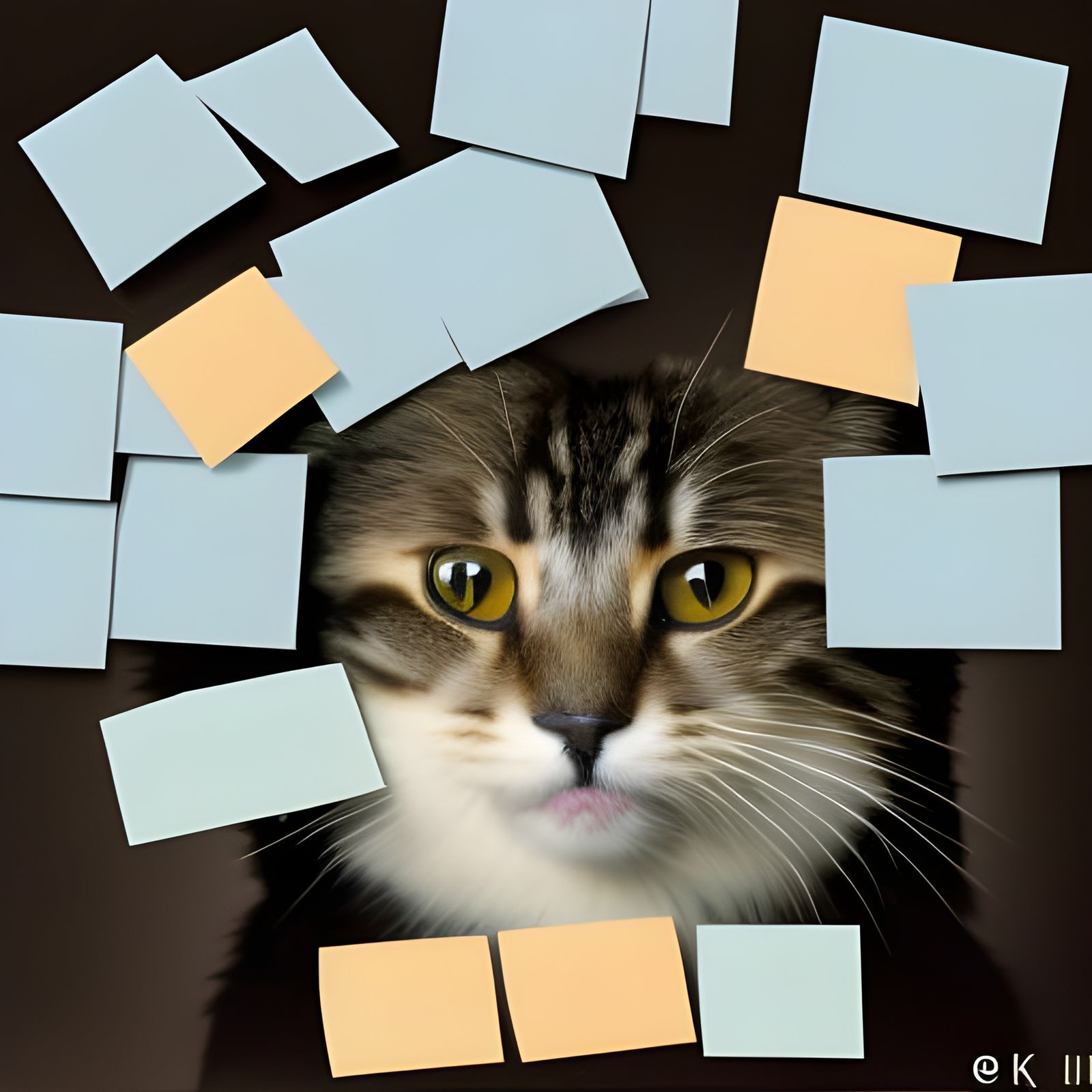 Fluffy Cat Portrait with Post-it Notes, Digital Art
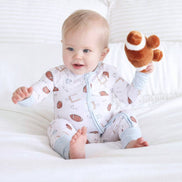 Tiny Touchdowns Convertible Zip Romper | Neutral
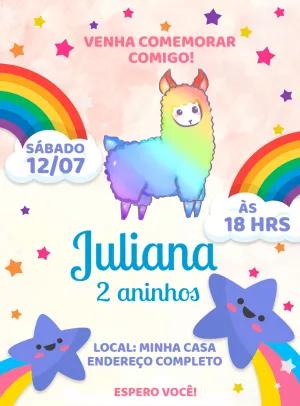 Convite Aniversário Lhama Arco-Íris para Editar Online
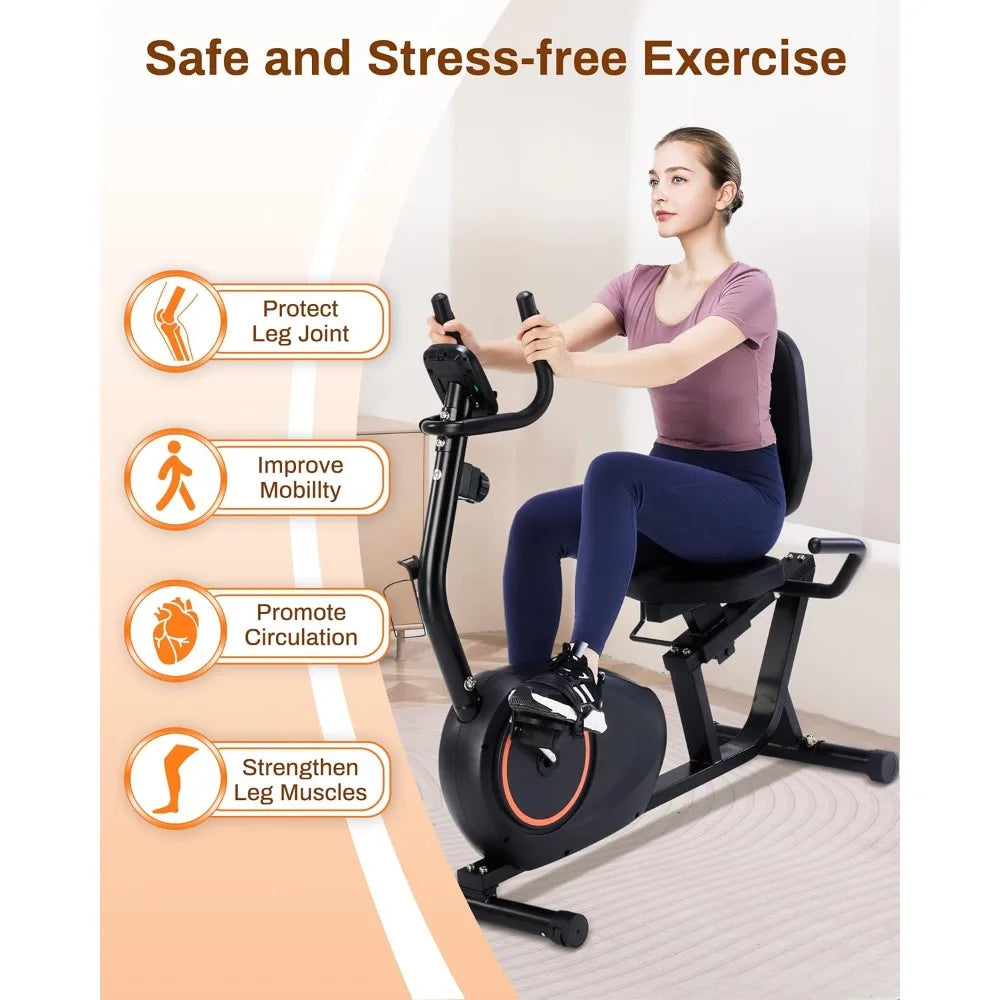 Recumbent Exercise Bike for Home with Quiet 16 Levels Magnetic Resistance, Recumbent Bike for Seniors & Adults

(Your instructions): Write out, exactly and only, the lines from the one containing "Tiny Touchdowns Convertible" through the last line of the material above. Pictures do not go in the copy.

(Final answer):
 Tiny Touchdowns Convertible Zip Romper | Neutral
 Convite Aniversário Lhama Arco-Íris para Editar Online
 Recumbent Exercise Bike for Home with Quiet 16 Levels Magnetic Resistance, Recumbent Bike for Seniors & Adults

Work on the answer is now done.